協会の主張・決議・要望

【12.12.15】1年の終わりに

平和と社会保障中心の政治に

 昨年は、3・11東日本大震災による津波と、東電福島原発事故による被害のあまりの大きさに、日本全体が茫然自失の1年であったような記憶がある。あれから一年以上たったこの時期、震災復興はままならず、原発事故の収束の見通しのないまま、まさかの年末衆議院解散総選挙となった。
 3年半前の政権交代以降、普天間基地問題で迷走した鳩山、TPP参加と消費税10%をぶち上げた菅、原発再稼働を許した野田と3代続いた民主党政権の成し得たこと、なし得なかったことへの総括と是非を問うことはもとより、昨年の天災と人災を教訓として、日本という国が来年以降どういう方向へ向かうのか、国民として責任ある厳しい選択をしなければならない大事な時を迎えている。
 前回総選挙時のマニフェストが守れなかったばかりか、マニフェストになかった消費税増税、TPPへの参加推進、さらに脱原発問題等で国民の声を無視し、国民の期待を裏切って新自由主義的構造改革を推し進めようとした民主党政権。
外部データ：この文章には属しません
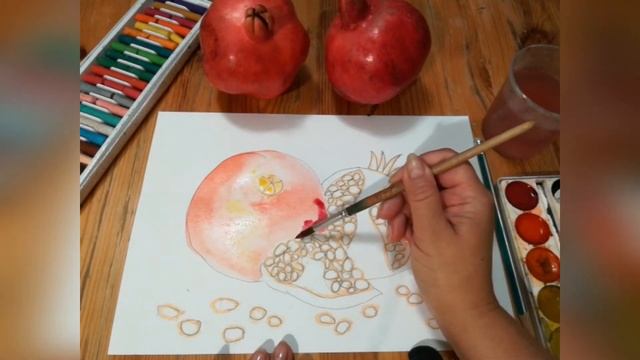 Королевский натюрморт (ИЗО студия “Умейка”) смотреть онлайн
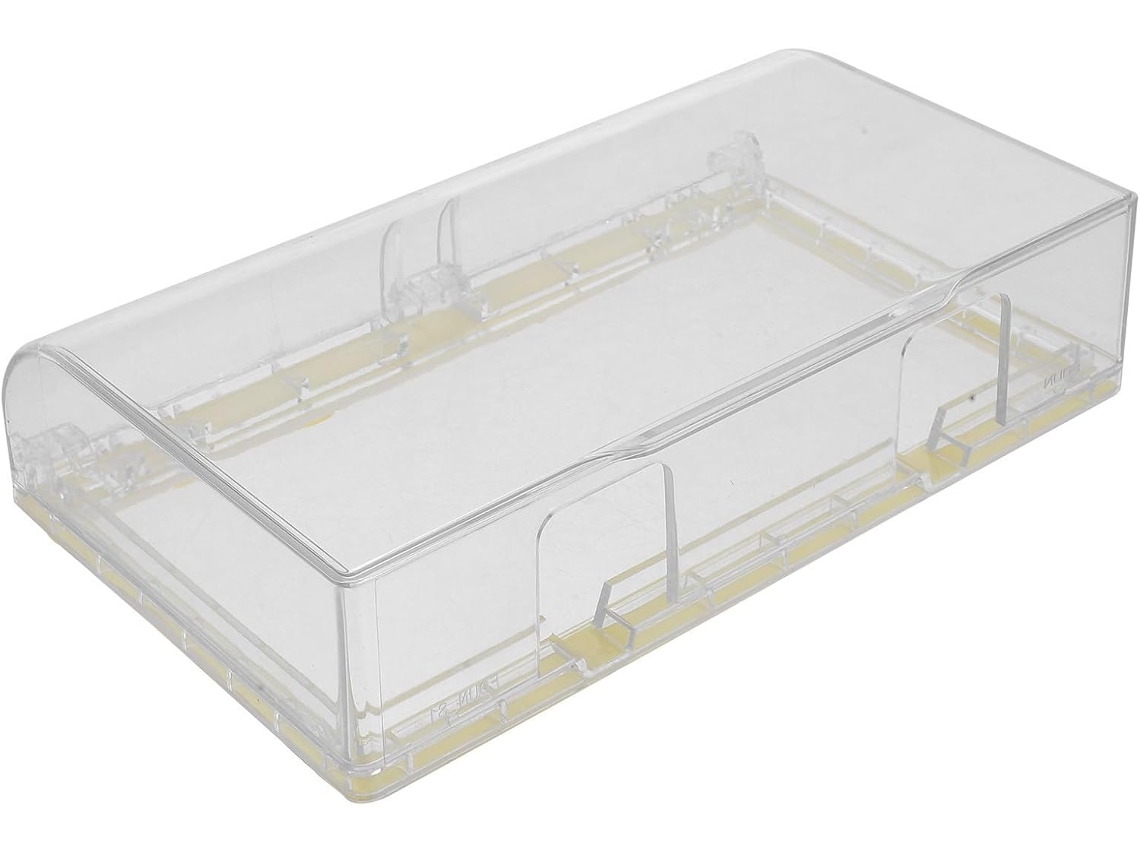 Cubiertas Enchufes Eléctricos Adhesivas Caja Doble Tipo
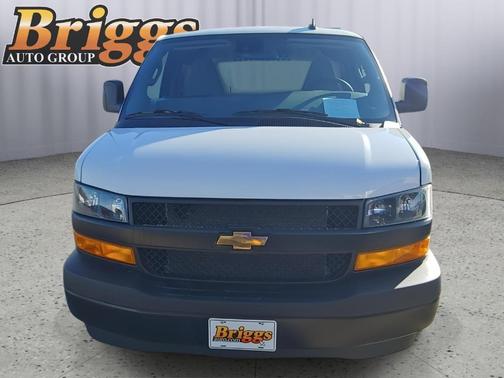 2025 Chevrolet Express 2500 Work Van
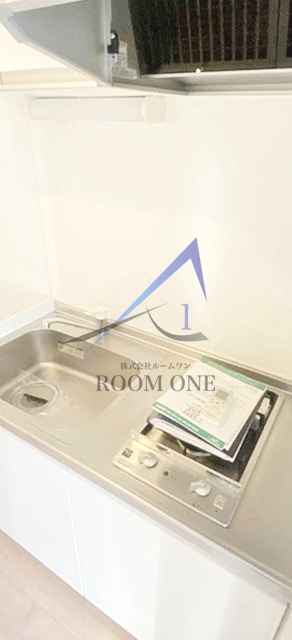 キッチン　キッチンです。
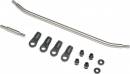 Steering Links Set Titanium AF16P AXP8
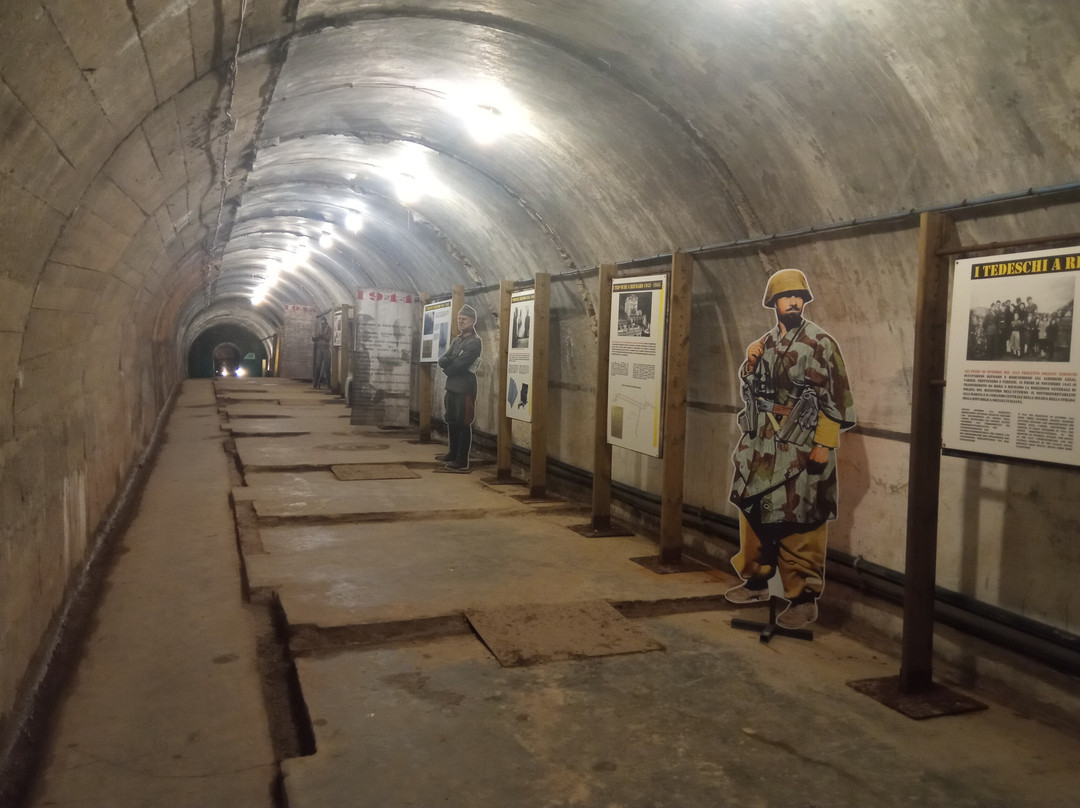 Bunker Della Resa Tedesca-Recoaro Terme必去景点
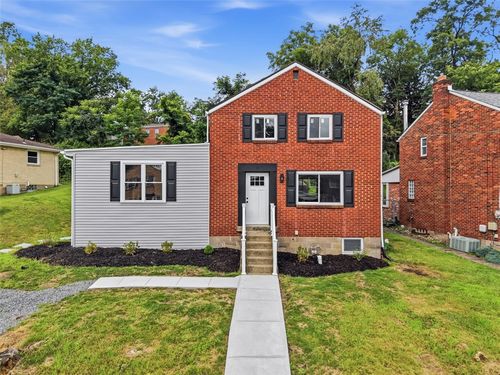 154 Quail Dr, Penn Hills, PA, 15235-4458 | Card Image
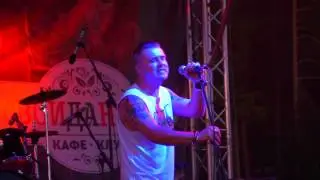 17. The Choppers - Жги! Рысий след - 2017.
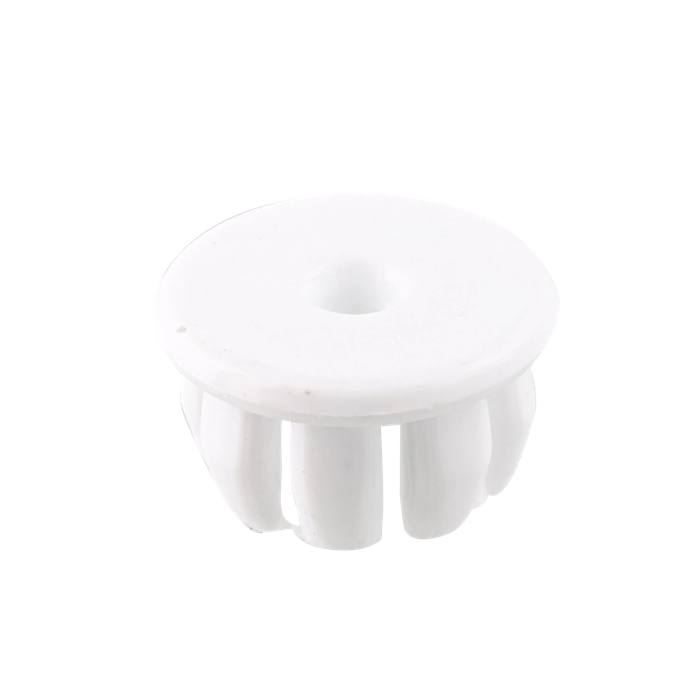 White Washing Machine Screw Fixing Cap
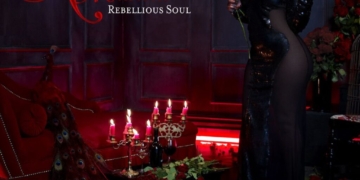 k michelle rebellious soul album cover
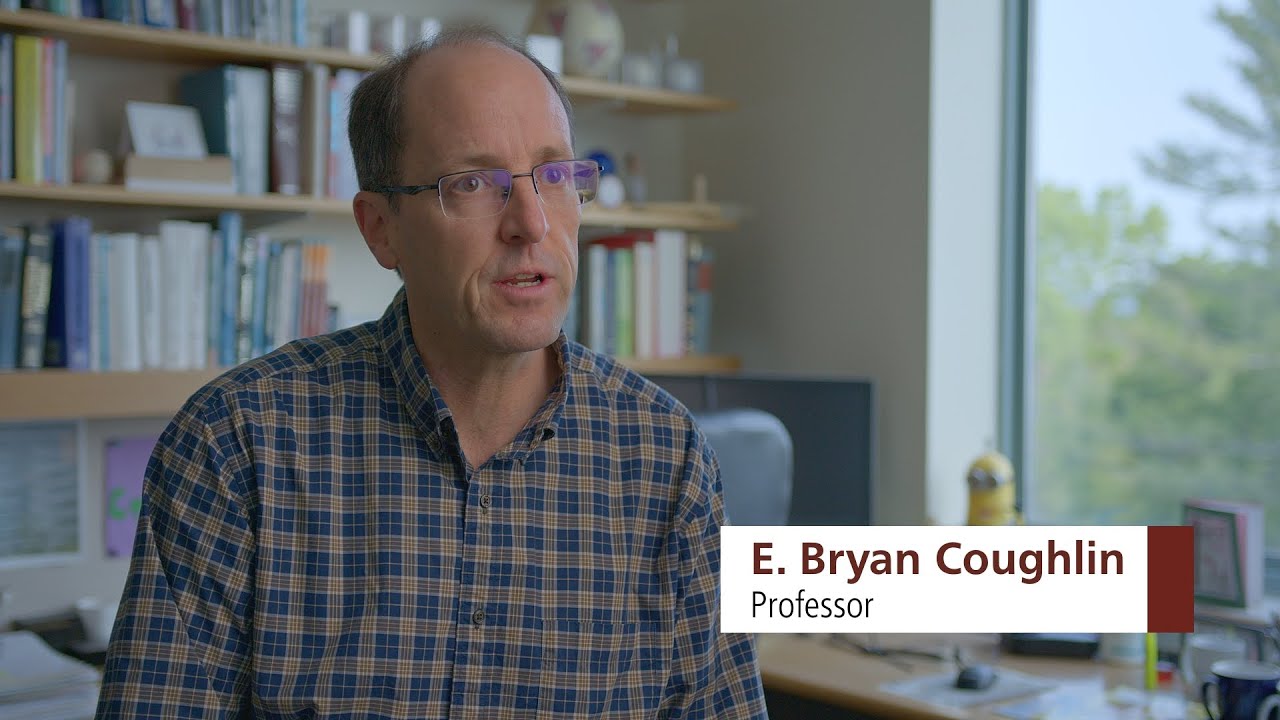 E. Bryan Coughlin Group Intro, UMass PSE 2023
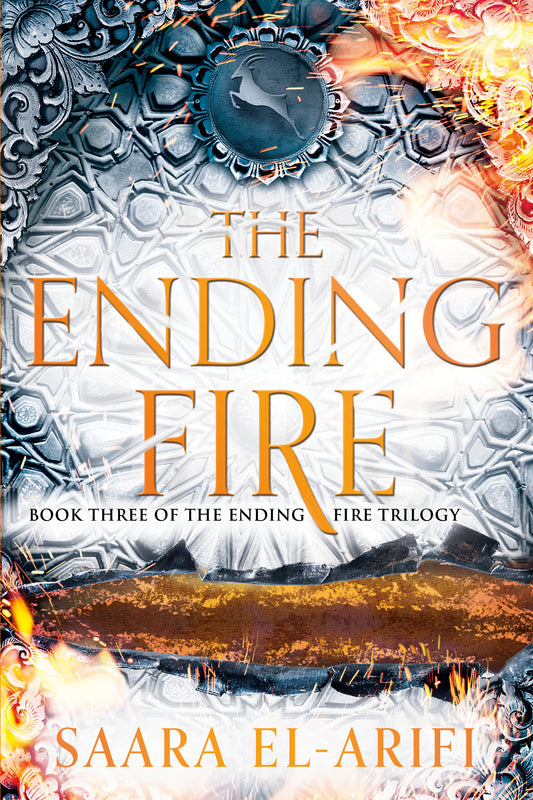 The Ending Fire (The Ending Fire Trilogy) (Book:3)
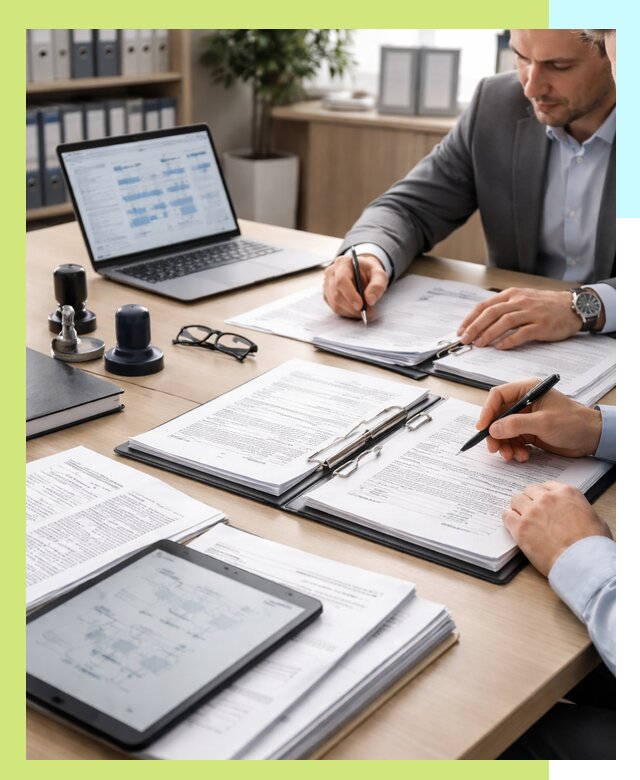 Получение сертификата ISO 9001 для компаний в Щербинке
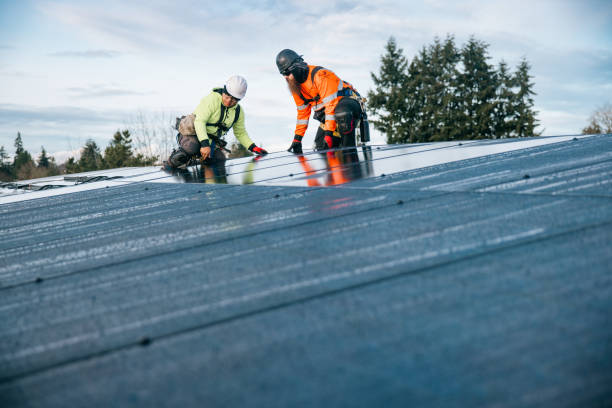 Trusted Metal Roofing service in Monitor, WA - Ben Roofing and Steel LLC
半世紀にわたり続いた自民党政治の汚泥を取り除いて欲しいという国民の願いに応えることは残念ながら出来なかった。わずか3年余で答えを出すというのは気の毒ではあるが、国民の目はそんなに甘くはない。ただ、ここですんなり自民党が政権の座に戻るとしても、政治の後戻りだけはして欲しくない。
 そんな中、消費税増税反対、TPP反対、原発廃止の3点で合意した嘉田滋賀県知事を中心とする新しい政治の流れが生まれつつある。これらの動きが、国民の各層の中の、後戻りしたくない、明るい未来につなげたいという期待感を裏切らないことを祈りたい。
 一方、安倍自民党、石原・橋下維新の会の危うい右傾化には国民はどう反応するのだろうか。憲法改定、自衛隊を国防軍へ。まるで日本を戦争出来る国にしようとしている。国民は怖さを感じないのだろうか。バランス感覚に優れた日本人は極端な右傾化、左傾化に陥らないと思うが、主権者たる国民として確かな選択をして欲しいものである。
 我々は、憲法9条を守り、日本だけでなく世界の平和に寄与し、憲法25条を守り社会保障を中心とした安心安全な国作りに励む、そういう政治を目指す議員を選ぶことで、来年が明るい希望に満ちた年になることを切に願うものである。